WHAT TO PRODUCE - Give every line of the records exactly, please, from the first up to and including the one containing "150 Rare Turtles".

◇ ◇ ◇

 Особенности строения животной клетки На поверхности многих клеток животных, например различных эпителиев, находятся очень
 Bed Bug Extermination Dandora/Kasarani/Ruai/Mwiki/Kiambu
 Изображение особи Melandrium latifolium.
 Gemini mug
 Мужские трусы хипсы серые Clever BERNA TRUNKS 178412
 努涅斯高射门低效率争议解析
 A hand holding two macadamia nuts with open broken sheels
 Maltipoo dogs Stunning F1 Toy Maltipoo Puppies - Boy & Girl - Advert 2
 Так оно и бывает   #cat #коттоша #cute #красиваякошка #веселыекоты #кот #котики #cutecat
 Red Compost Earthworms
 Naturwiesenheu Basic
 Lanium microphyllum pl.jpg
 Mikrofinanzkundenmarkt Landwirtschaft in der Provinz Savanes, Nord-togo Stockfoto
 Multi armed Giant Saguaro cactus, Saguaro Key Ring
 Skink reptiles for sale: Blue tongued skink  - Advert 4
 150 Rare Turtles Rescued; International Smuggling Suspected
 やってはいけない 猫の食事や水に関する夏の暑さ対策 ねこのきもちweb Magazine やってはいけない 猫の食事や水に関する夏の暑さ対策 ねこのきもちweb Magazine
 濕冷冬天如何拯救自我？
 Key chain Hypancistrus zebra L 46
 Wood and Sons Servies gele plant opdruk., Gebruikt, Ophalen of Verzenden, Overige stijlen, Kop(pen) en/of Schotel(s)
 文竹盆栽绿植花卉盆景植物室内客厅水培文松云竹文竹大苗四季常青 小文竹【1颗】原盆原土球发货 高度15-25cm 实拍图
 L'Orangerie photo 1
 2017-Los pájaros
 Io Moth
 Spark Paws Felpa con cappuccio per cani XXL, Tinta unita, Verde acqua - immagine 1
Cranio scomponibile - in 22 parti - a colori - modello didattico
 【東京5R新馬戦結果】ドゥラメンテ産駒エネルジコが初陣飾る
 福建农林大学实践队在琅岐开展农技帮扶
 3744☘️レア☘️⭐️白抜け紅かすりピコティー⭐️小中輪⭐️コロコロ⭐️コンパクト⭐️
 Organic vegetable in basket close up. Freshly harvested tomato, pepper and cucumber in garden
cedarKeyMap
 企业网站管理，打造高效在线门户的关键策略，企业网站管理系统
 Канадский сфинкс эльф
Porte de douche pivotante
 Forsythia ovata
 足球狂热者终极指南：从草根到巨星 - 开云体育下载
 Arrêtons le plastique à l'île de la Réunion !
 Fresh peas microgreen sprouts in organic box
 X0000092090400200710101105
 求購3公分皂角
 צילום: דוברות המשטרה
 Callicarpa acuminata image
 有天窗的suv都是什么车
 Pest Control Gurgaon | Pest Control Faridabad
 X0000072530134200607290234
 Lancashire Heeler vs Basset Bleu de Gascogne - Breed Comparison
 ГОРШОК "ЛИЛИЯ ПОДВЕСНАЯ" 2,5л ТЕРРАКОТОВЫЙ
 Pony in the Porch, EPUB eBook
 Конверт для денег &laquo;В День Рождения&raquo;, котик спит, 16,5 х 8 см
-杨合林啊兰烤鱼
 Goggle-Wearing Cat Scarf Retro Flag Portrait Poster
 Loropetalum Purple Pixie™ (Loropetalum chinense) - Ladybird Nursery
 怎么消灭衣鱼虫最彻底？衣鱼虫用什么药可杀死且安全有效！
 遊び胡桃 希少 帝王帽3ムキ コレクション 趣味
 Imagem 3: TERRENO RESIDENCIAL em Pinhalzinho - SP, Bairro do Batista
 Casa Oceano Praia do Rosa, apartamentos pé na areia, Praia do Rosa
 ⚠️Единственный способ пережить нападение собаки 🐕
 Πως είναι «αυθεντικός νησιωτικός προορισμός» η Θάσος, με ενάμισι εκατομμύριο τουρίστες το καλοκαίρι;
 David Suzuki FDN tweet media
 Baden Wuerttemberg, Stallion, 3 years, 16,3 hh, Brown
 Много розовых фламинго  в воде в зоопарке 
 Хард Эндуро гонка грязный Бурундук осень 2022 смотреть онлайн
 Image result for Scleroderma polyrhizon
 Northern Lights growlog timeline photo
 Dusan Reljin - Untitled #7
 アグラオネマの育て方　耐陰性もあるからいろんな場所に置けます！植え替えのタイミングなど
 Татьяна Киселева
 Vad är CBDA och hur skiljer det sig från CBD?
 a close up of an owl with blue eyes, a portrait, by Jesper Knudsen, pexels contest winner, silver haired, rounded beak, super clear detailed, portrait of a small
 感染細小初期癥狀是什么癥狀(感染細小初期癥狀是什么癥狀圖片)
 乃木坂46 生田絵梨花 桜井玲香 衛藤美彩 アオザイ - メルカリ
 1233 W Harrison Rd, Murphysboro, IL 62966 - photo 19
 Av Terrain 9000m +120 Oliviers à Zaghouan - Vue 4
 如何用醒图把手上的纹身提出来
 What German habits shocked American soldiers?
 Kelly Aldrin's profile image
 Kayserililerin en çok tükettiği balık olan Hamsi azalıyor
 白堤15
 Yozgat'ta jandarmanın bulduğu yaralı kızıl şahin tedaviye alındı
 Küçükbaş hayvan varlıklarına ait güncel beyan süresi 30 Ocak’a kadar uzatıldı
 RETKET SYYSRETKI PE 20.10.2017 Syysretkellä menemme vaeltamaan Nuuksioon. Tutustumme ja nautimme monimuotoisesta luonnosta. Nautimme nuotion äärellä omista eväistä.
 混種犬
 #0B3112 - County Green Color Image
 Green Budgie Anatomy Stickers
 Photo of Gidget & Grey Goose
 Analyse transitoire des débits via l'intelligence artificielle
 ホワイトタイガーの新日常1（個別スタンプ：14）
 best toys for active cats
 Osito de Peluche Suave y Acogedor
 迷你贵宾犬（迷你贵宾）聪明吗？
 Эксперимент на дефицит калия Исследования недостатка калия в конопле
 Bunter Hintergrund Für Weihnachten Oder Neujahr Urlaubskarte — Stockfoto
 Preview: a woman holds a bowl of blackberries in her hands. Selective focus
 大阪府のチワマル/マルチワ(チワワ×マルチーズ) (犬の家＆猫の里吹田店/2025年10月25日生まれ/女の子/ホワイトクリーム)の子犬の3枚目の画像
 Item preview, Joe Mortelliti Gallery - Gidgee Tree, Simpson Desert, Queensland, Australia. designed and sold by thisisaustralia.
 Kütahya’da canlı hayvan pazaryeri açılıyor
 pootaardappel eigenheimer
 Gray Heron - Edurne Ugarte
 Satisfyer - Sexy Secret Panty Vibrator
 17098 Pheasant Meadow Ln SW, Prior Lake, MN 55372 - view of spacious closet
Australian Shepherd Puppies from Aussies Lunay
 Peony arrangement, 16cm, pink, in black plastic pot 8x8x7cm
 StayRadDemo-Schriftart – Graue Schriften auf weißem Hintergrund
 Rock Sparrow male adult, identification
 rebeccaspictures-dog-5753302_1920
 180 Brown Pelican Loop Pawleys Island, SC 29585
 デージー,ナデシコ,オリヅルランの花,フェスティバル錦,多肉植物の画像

◇ ◇ ◇

RESPONSE AREA -
 Особенности строения животной клетки На поверхности многих клеток животных, например различных эпителиев, находятся очень
 Bed Bug Extermination Dandora/Kasarani/Ruai/Mwiki/Kiambu
 Изображение особи Melandrium latifolium.
 Gemini mug
 Мужские трусы хипсы серые Clever BERNA TRUNKS 178412
 努涅斯高射门低效率争议解析
 A hand holding two macadamia nuts with open broken sheels
 Maltipoo dogs Stunning F1 Toy Maltipoo Puppies - Boy & Girl - Advert 2
 Так оно и бывает   #cat #коттоша #cute #красиваякошка #веселыекоты #кот #котики #cutecat
 Red Compost Earthworms
 Naturwiesenheu Basic
 Lanium microphyllum pl.jpg
 Mikrofinanzkundenmarkt Landwirtschaft in der Provinz Savanes, Nord-togo Stockfoto
 Multi armed Giant Saguaro cactus, Saguaro Key Ring
 Skink reptiles for sale: Blue tongued skink  - Advert 4
 150 Rare Turtles Rescued; International Smuggling Suspected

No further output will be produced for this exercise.